Any controversy arising out of or relating to my account . . . shall be settled by arbitration in accordance with the rules, regulations and procedures then in effect of the New York Stock Exchange, Inc., the AMEX or National Association of Securities Dealers, Inc., as I may elect.

 The federal securities law claims involved in this case are clearly exempt from arbitration. The Federal Arbitration Act, 9 U.S.C. § 1 et seq. (1976), provides for the exclusive jurisdiction of federal courts over federal securities claims. See, e.g., Wilko v. Swan, 346 U.S. 427, 428, 74 S. Ct. 182, 183, 98 L. Ed. 168 (1953); Liskey v. Oppenheimer & Co., 717 F.2d 314, 315 (6th Cir.1983). Given the presence of nonarbitrable claims, the continuing effect of the arbitration agreement becomes an issue. The Court finds the arbitration agreement to be still effective, and orders the common law claims severed and referred to arbitration. Trial of the federal securities law issues will be stayed pending the outcome of the arbitration.

 The plaintiffs advance three arguments for the proposition that the pendent common law claims should not be submitted to arbitration. Initially, the plaintiffs argue that they cannot properly be compelled to arbitrate the claims against defendant Dow because Dow could not be compelled to arbitrate disputes between himself and plaintiffs. That lack of reciprocity, they allege, relieves them of the duty to arbitrate their claims against Dow.

 State courts which have addressed the question of suits against the individual agents of brokerage firms have allowed the individual defendant to be made a party to the arbitration proceedings despite the fact that he was not a party to the agreement. See, e.g., Vic Potamkin Chevrolet, Inc. v. Bloom, 386 So.2d 286 (Fla.Dist.Ct.App. 1980) (where arbitration clause applied to "any controversy or claim arising out of, or relating to this agreement," the scope of that clause was broad enough to include within it individuals within the respondeat superior doctrine even though they were not signatories to the agreement); Paine, Webber, Jackson & Curtis, Inc. v. McNeal, 143 Ga.App. 579, 239 S.E.2d 401, 404 (1977) (defendant account representative was entitled to share with defendant firm the benefit of the arbitration agreement); Starr v. O'Rourke, 5 Misc.2d 646, 159 N.Y.S.2d 60, 61 (1957) (individual employee is joint tortfeasor with the firm, so despite jurisdictional technicalities, a suit against both should be entertained in the forum to which one has a right to resort).
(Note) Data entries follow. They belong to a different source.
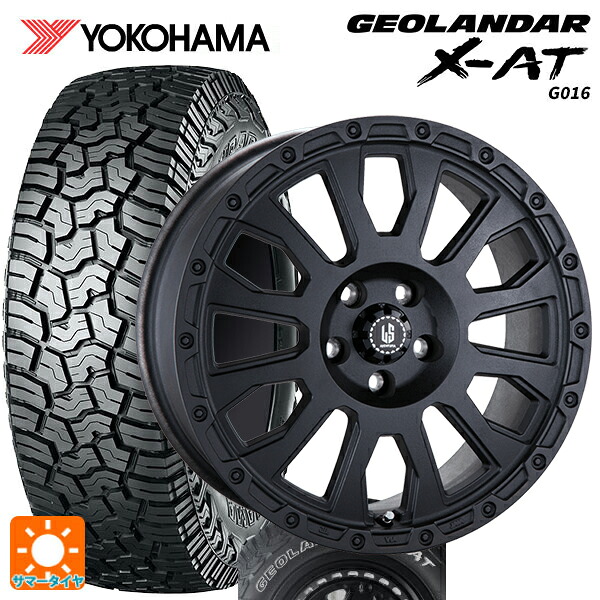 トヨタ RAV4(50系)用 245/70R16 106/103Q ヨコハマ ジオランダー X-AT G016 ホワイトレター 正規品 阿部商会 ラ・ストラーダ アベンチュラ WB 新品サマータイヤホイール 4本セット|タイヤホイール専門店コニシタイヤ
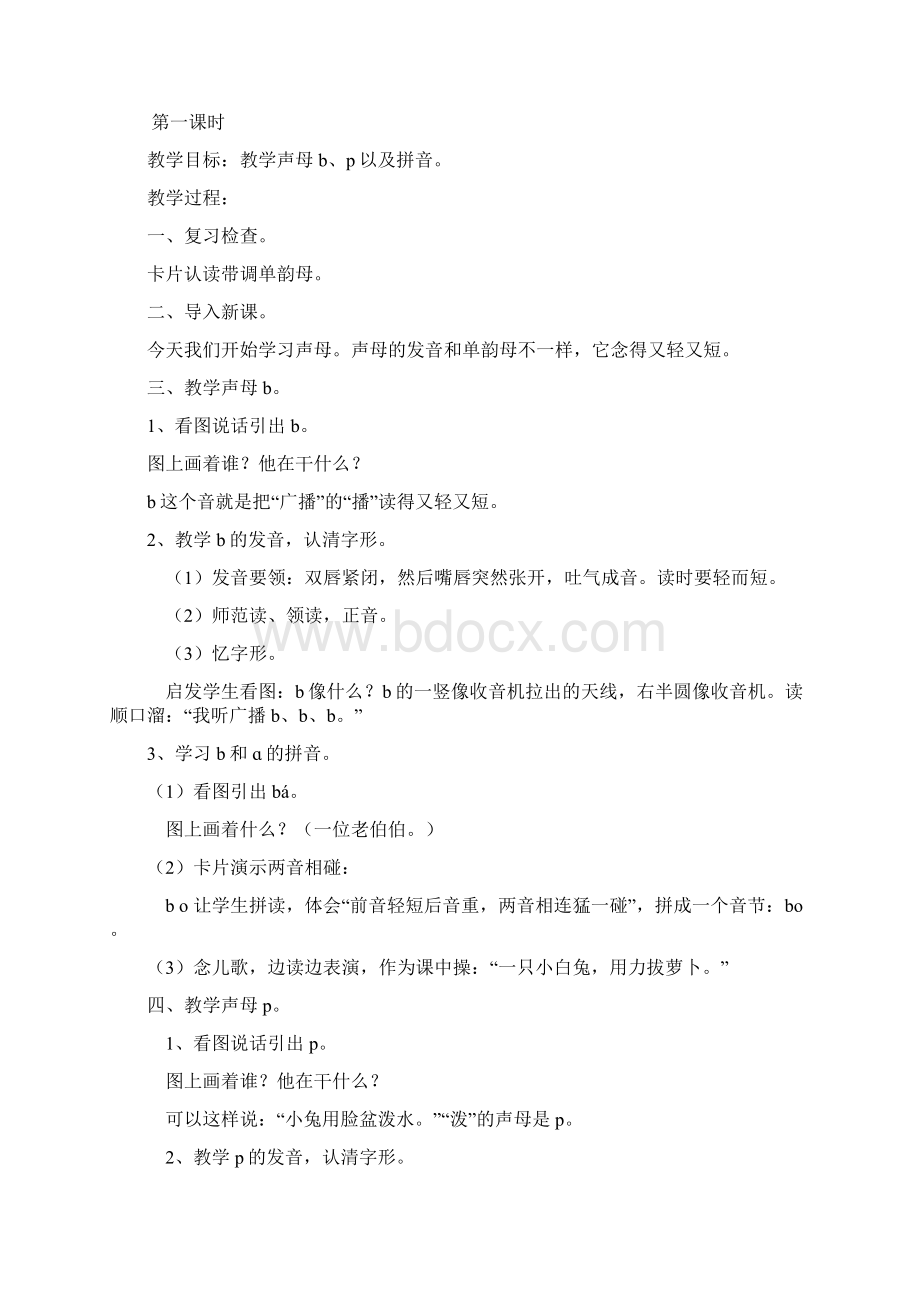 小学一年级语文上册教案s版Word文件下载.docx_第3页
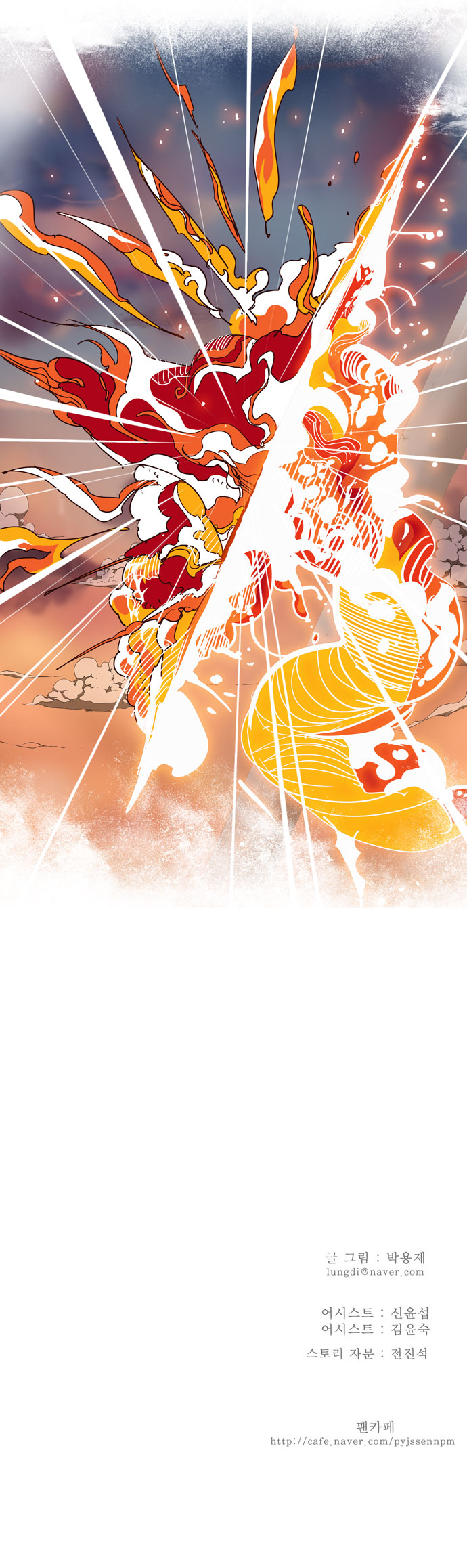 Read The God of High School IT Manga Online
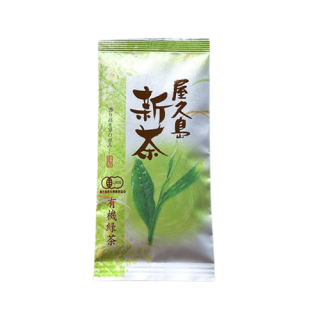 八万寿屋久島緑茶 新茶の中でも早い品種【早生緑茶】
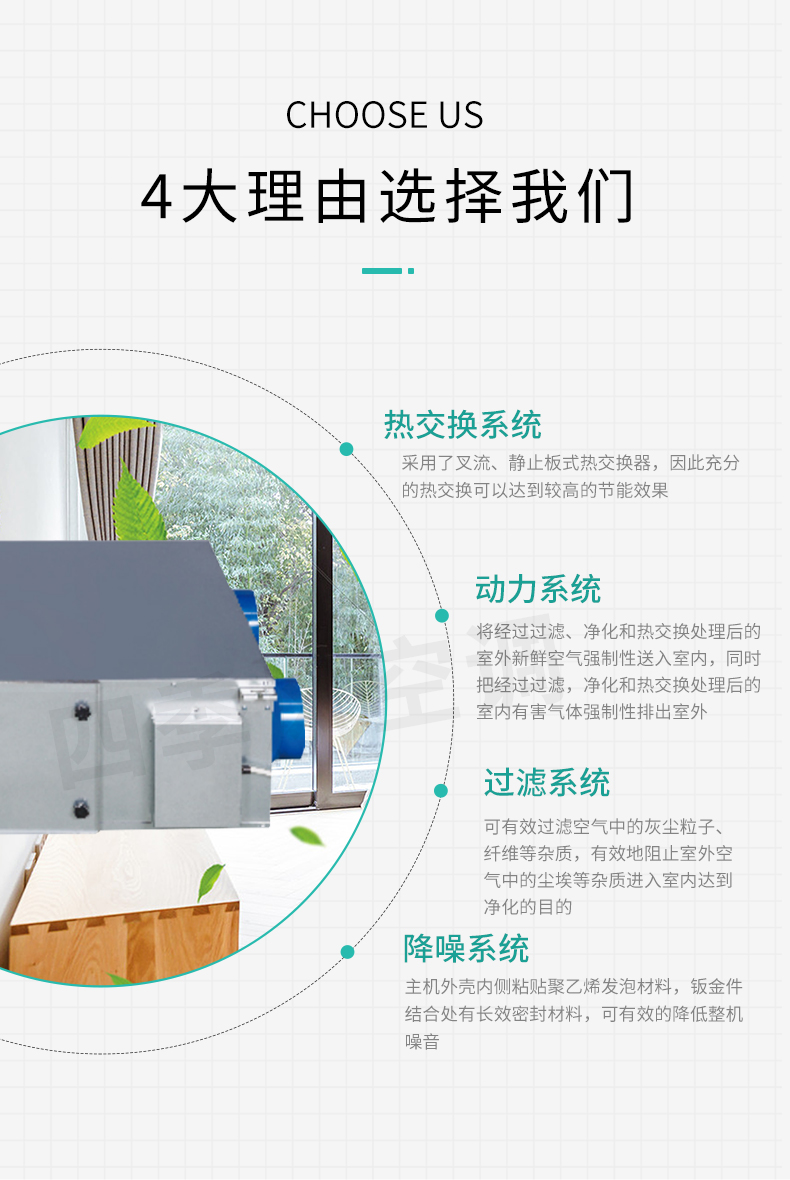 新風(fēng)換氣機(jī)_03.jpg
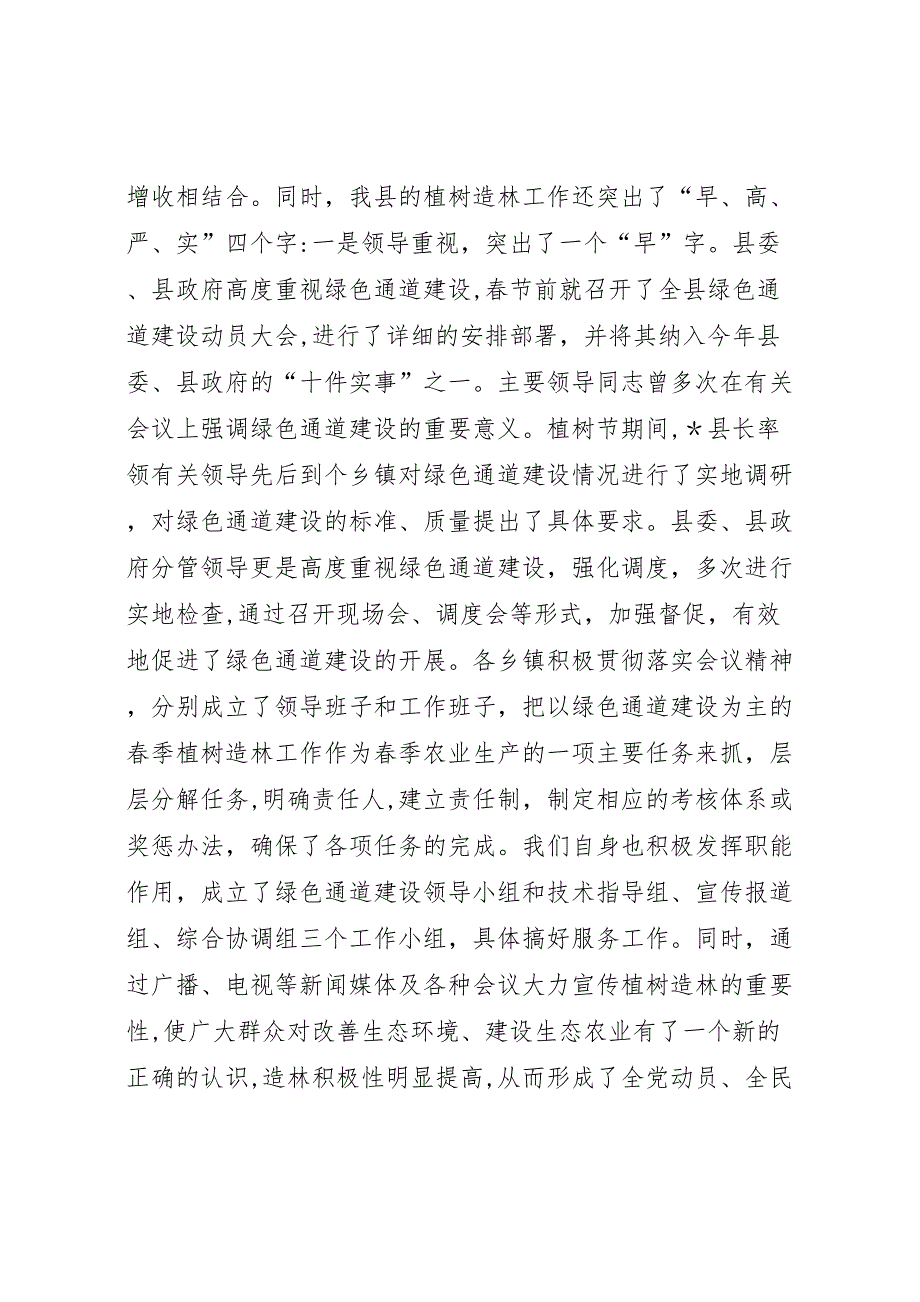 林业局上半年工作总结及下半年工作重点_第2页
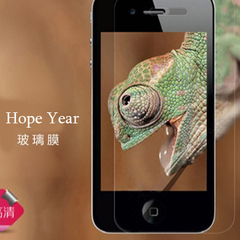 Hope Year 通用Iphone5S 手机膜 钢化玻璃膜 高防刮 保护贴膜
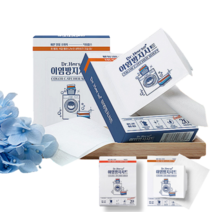 이염 방지 시트 휜 옷 방지 방지제 청바지 물빠짐 제거 얼룩 제거제 세탁 티슈 형광물질 흰색 이염된 셔츠 하얀 운동화 세제 용품 데님 변색 유해 세탁물 오염 방지, 3개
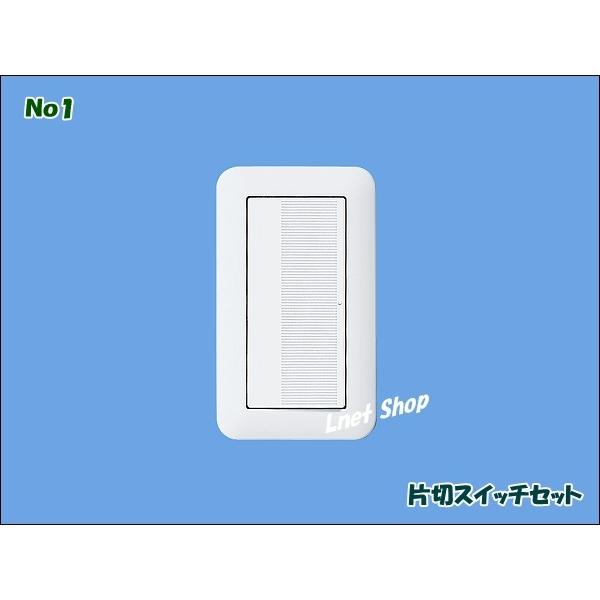 Panasonic（パナソニック） WT5001セット コスモスイッチ 埋込片切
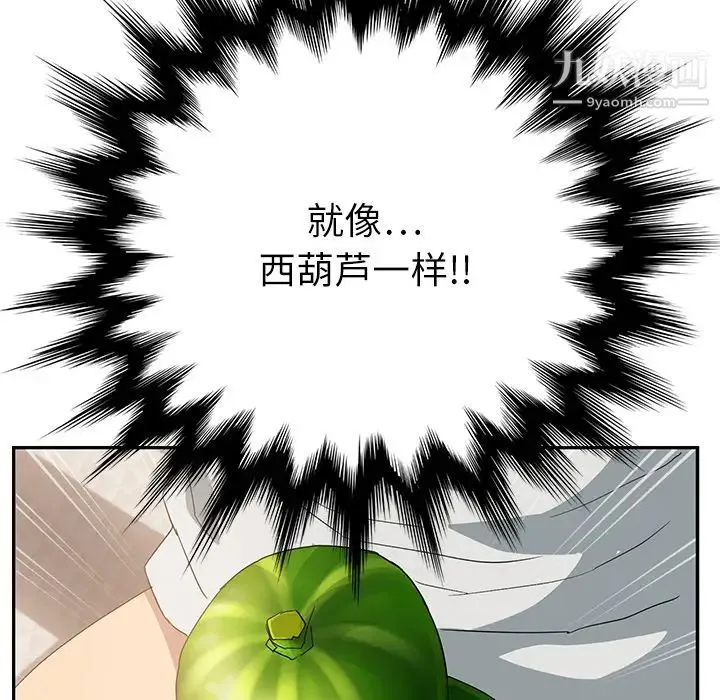 继母 第18话 第94页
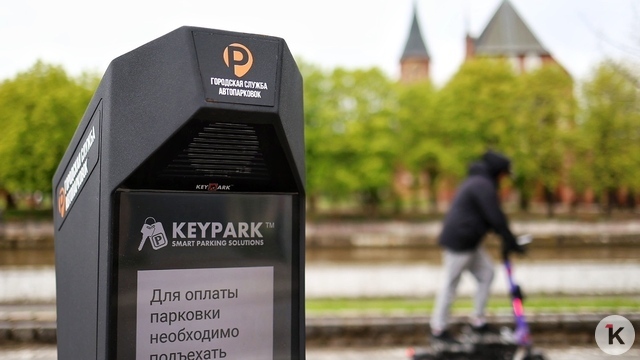 В мэрии Калининграда пересчитают стоимость парковочного абонемента, который раньше оценивали в 2 480 рублей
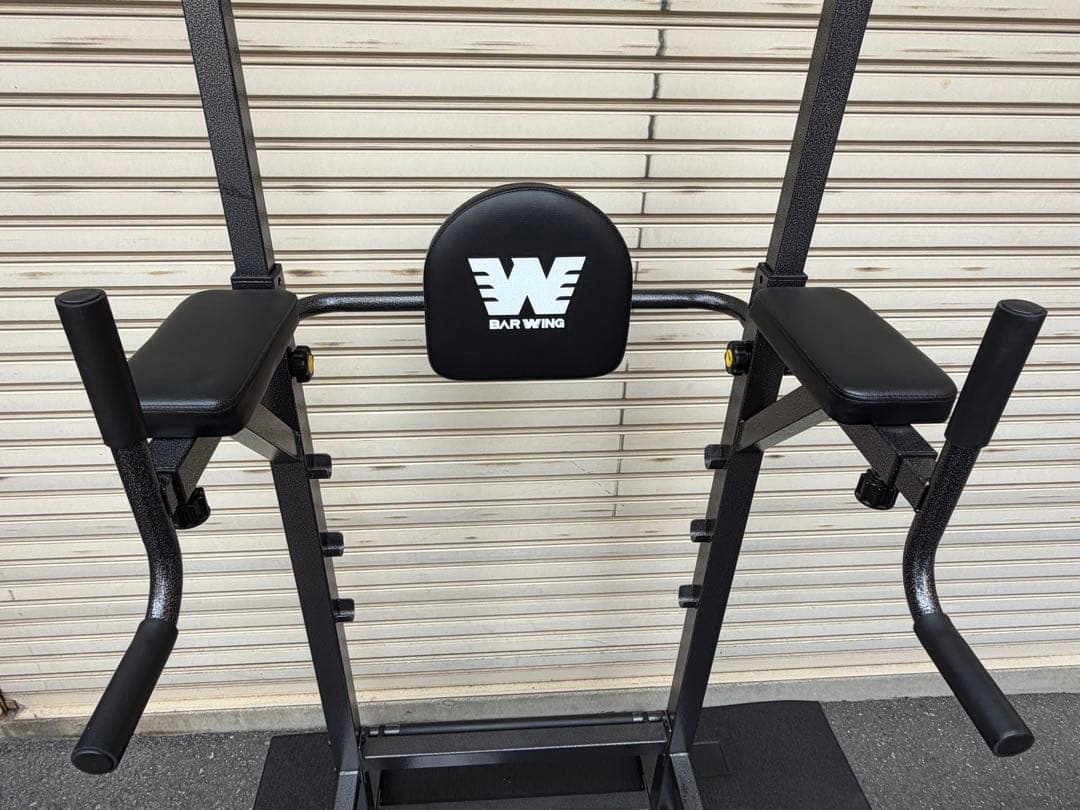 バーウイング　懸垂　ぶら下がり健康器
 Secondly, the plaintiffs contend that the arbitration agreement should not be enforced because arbitrators cannot award punitive damages, and they allege that they did not knowingly waive their right to punitive damages. The Court finds that the signing by the plaintiffs of the Customer's Agreement, which was governed by New York law and included an arbitration clause, was a contractual waiver of the right to punitive damages. Baselski, 514 F. Supp. at 543.

 Finally, the plaintiffs argue that no part of the complaint should be submitted to arbitration in order to preserve the exclusive jurisdiction of the federal courts over federal securities law claims. This Court finds protection of exclusive jurisdiction to be an insufficient reason to override the agreement of the parties to arbitrate claims. See, Dean Witter Reynolds, Inc. v. Byrd, 470 U.S. 213, 105 S. Ct. 1238, 1241, 84 L. Ed. 2d 158 (1985). See also, Liskey, 717 F.2d at 320; Dickinson v. Heinold Securities, Inc., 661 F.2d 638, 646 (7th Cir.1981). The federal policy favoring arbitration is very strong. See, Federal Arbitration Act, 9 U.S.C. § 1 et seq. (1976).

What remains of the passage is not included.